Sur l’indemnité de clientèle :
M. X demande à la cour de faire application des dispositions de l’article L. 7313-13 du code du travail et réclame une indemnité de 54 598 euros représentant deux années de commissions, calculées sur les commissions de courtage perçues par lui entre 2005 et 2013.
La société Solocal reproche au salarié de n’apporter aucune pièce à l’appui de sa demande, ne justifiant nullement de ce qu’il aurait apporté à l’employeur une clientèle lors de son entrée au sein de
l’entreprise, ni pendant l’exécution du contrat de travail, ni son augmentation en nombre et en valeur.

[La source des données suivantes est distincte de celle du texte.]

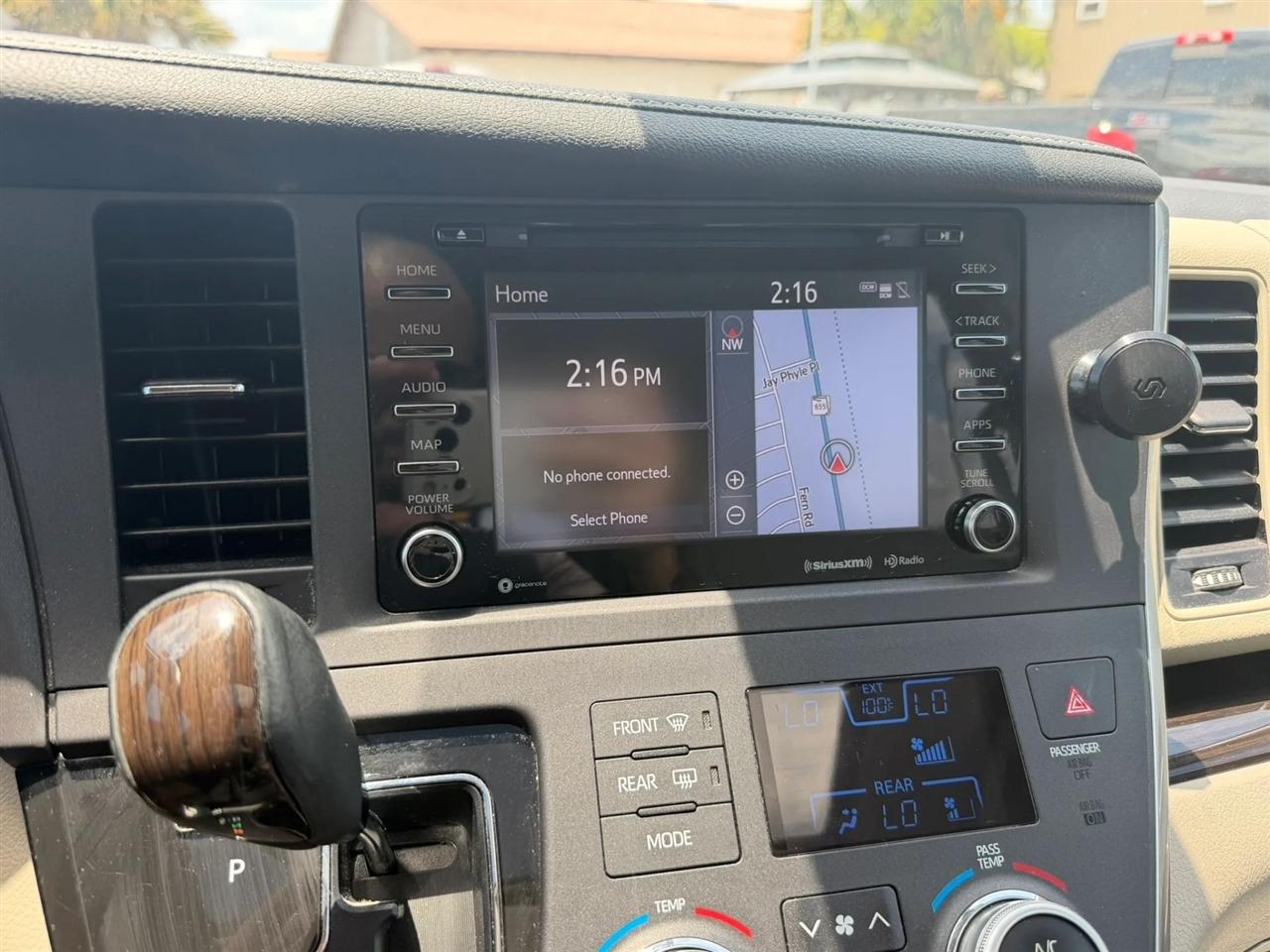 Toyota Sienna Limited Premium 7-Passenger 2018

En effet, en se contentant d’invoquer les dispositions de cet article, sans justifier de son application à sa situation personnelle, et alors que son contrat de travail prévoyait déjà, édition après édition, d’être rémunéré de la part prise par lui dans le développement de la clientèle qui lui était confiée par A B, M. X, qui n’a pas démontré avoir apporté une quelconque clientèle à son employeur lors de son embauche, ne peut être suivi par la cour qui le déboute de ce chef de demande, confirmant de ce chef le jugement entrepris.

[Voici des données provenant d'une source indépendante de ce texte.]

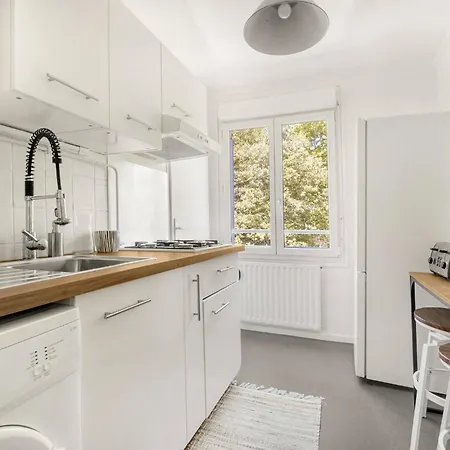 Grand - Parking Gratuit - Metro A 100m Appartement *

Sur l’article 700 du code de procédure civile et les dépens
Compte tenu de la solution du litige, la décision entreprise sera infirmée de ces deux chefs et par application de l’article 696 du code de procédure civile, les dépens de première instance et d’appel seront mis à la charge de la société Solocal ;
La demande formée par M. X au titre des frais irrépétibles en cause d’appel sera accueillie, à hauteur de 3 000 euros.
PAR CES MOTIFS
LA COUR,
Statuant publiquement et contradictoirement
Infirme le jugement entrepris sauf en celles de ses dispositions ayant débouté M. X de ses demandes au titre du licenciement sans cause réelle et sérieuse et de l’indemnité de clientèle
Et statuant à nouveau des chefs infirmés
Condamne la société Solocal à payer à M. X la somme de 51 540 euros à titre d’indemnité en application des dispositions de l’artilce L. 1235-16 du code du travail
Condamne la société Solocal aux dépens de première instance et d’appel
Condamne la société Solocal à payer à M. X la somme de 3 000 euros sur le fondement des dispositions de l’article 700 du code de procédure civile.

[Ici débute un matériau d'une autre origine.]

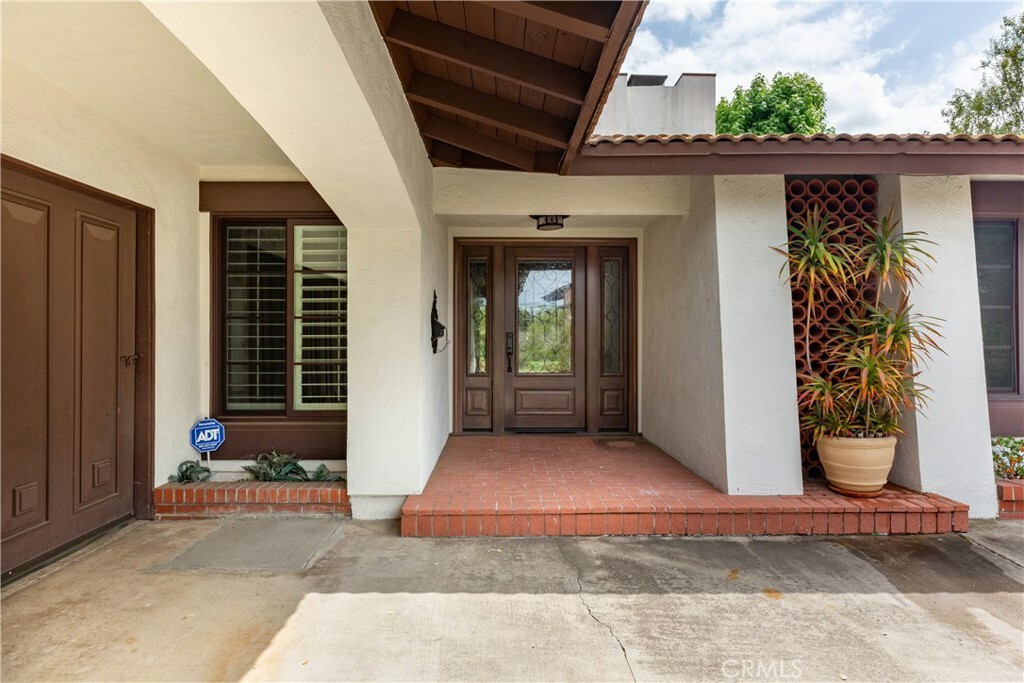 Property Photo:  430 Teakwood Avenue  CA 90631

Arrêt prononcé par mise à disposition au greffe de la cour, les parties en ayant été préalablement avisées dans les conditions prévues au deuxième alinéa de l’article 450 du code de procédure civile,
Signé par Mme Hélène PRUDHOMME, président, et Mme Clémence VICTORIA, greffier auquel la minute de la décision a été remise par le magistrat signataire.